Methods: The members of the Optic Disc Drusen Studies (ODDS) Consortium are either fellowship trained neuro-ophthalmologists with an interest in ODD, or researchers with an interest in ODD. Four standardization steps were performed by the consortium members with a focus on both image acquisition and diagnosis of ODD.

Results: Based on prior knowledge and experiences from the standardization steps, the ODDS Consortium reached a consensus regarding OCT acquisition and diagnosis of ODD. The recommendations from the ODDS Consortium include scanning protocol, data selection, data analysis, and nomenclature.

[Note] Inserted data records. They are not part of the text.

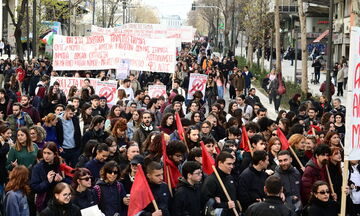 Ολοκληρώθηκε το πανεκπαιδευτικό συλλαλητήριο στην Αθήνα - Άρση κυκλοφοριακών ρυθμίσεων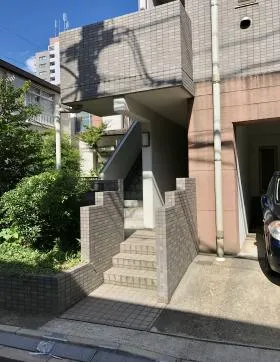 アイエスコート西麻布の外観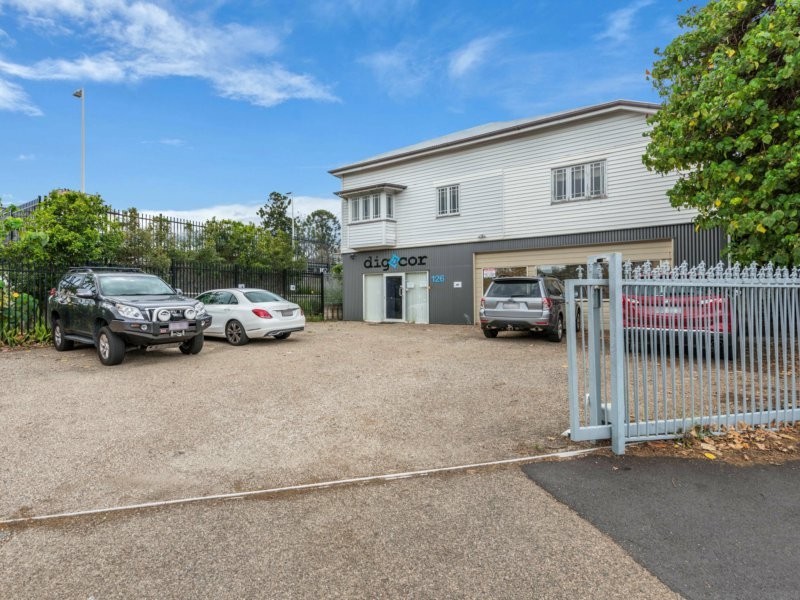 51 Edmondstone Street, South Brisbane QLD 4101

Conclusions: The ODDS Consortium recommendations are important in the process of establishing a reliable and consistent diagnosis of ODD using OCT for both clinicians and researchers.

Department of Ophthalmology (LM, MW, SH), Rigshospitalet, University of Copenhagen, Denmark; Department of Ophthalmology (LB, AF), Western University, London, Ontario, Canada; Departments of Clinical Neurosciences and Surgery (FC), University of Calgary, Calgary, Canada; John A. Moran Eye Centre (KD, BK, JW), University of Utah, Salt Lake City, Utah; Department of Clinical Neurological Sciences (AF), Western University, London, Ontario, Canada; Save Sight Institute (CF), University of Sydney, New South Wales, Australia; Sydney Eye Hospital (ML), Sydney, New South Wales, Australia; Department of Neurology (AP, SW), Moorfields Eye Hospital, London, United Kingdom; Neuro-ophthalmology Expertise Centre (AP, SW), VUmc, Amsterdam, the Netherlands; and Department of Ophthalmology (PS), State University of New York at Stony Brook, Stony Brook, New York.

Address correspondence to Lasse Malmqvist, MD, Department of Ophthalmology, Rigshospitalet, Nordre Ringvej 57, 2600 Glostrup, Denmark; E-mail: lasse.malmqvist.larsen.01@regionh.dk

The authors report no conflicts of interest.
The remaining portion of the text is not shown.